= Čučuk Stana =

Serbian historical figure

Čučuk Stana (Чучук Стана, "Little Stana") was a Serbian female hajduk, the second wife of Hajduk Veljko and later married the Greek fighter Giorgakis Olympios. She is also a character in Serb epic poetry.

==Biography==
She was born in 1795, in the village Sikole near Negotin, Serbia to a family of Herzegovinian migrants. She had two sisters, Stojna and Stamena and later, a much younger brother Mihailo. Before the brother grew up, being three sisters, they all wore men's clothes out of the house, because they had no adult brother to protect them. She got her nickname "Čučuk" (from Turkish küçük = small) due to her short stature. She finished school in Bela Crkva.

She met Hajduk Veljko in 1812. The two of them lived together even though he still had another, married wife, as divorce was virtually impossible to obtain at the time in an Orthodox country in serious upheaval, that Serbia was during the Serbian Revolution. Veljko was killed in 1813 and she went to live in Pančevo.

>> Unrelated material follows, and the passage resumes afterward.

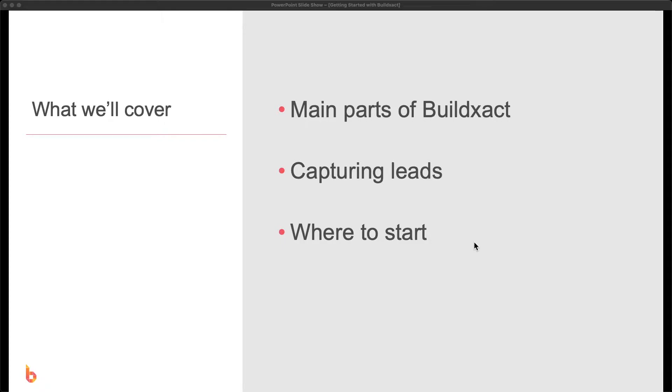In this video, we're going to do a quick introduction to the main parts of BuildExact. From there, we're really going to look at the different ways that you can ultimately get into BuildExact. So that's going to be both through capturing leads, but also looking at alternative methods as well.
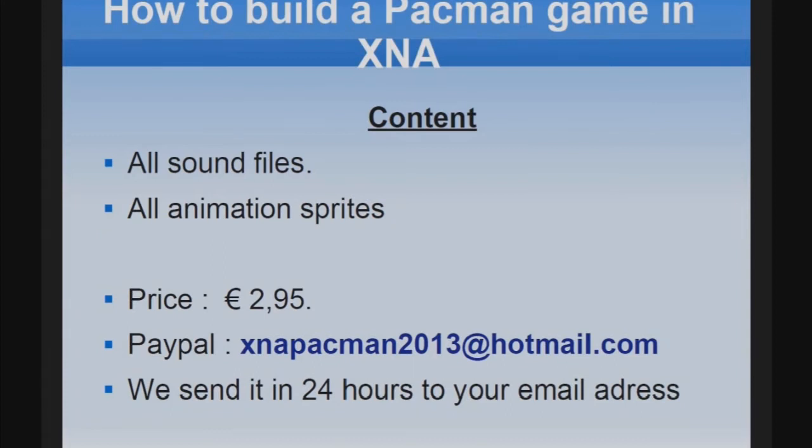Hello, welcome back to part 11 of this video tutorial on how to build a Pacman game in XNA. Please don't forget to buy the content. Send €2.95 to PayPal account xnapacman2013 at hotmail.com. We send the content in 24 hours to your email address.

She later married captain and hero of Greek War of Independence Giorgakis Olympios, with whom she moved to Wallachia and later Bucharest. They had three children: Milan, Aleksandar, and Jevrosima. When Giorgakis was also killed during the Battle of Secu monastery in Moldavia on 23 September 1821 at the beginning of Greek Revolution and for the sake of their children's security, she moved with them to Khotyn, Russia, where other people of the Serbian Revolution took refuge.

After the liberation of Greece Stana with children moved to Athens, where she got a small state pension as the widow of the hero Olympios. She died in 1849 or 1850.

In 1907 a play was written about her life, and music was composed by Stevan Hristić. A 1972 Yugoslav TV film "Čučuk Stana" was made based on the play, and she was played by Svetlana Bojković.

A book about her life, Čučuk Stana, 1795-1849 - žena Hajduk Veljka i grčkog narodnog heroja Georgakisa Olimpiosa, by Dušica Popović Stojković was published in 1981.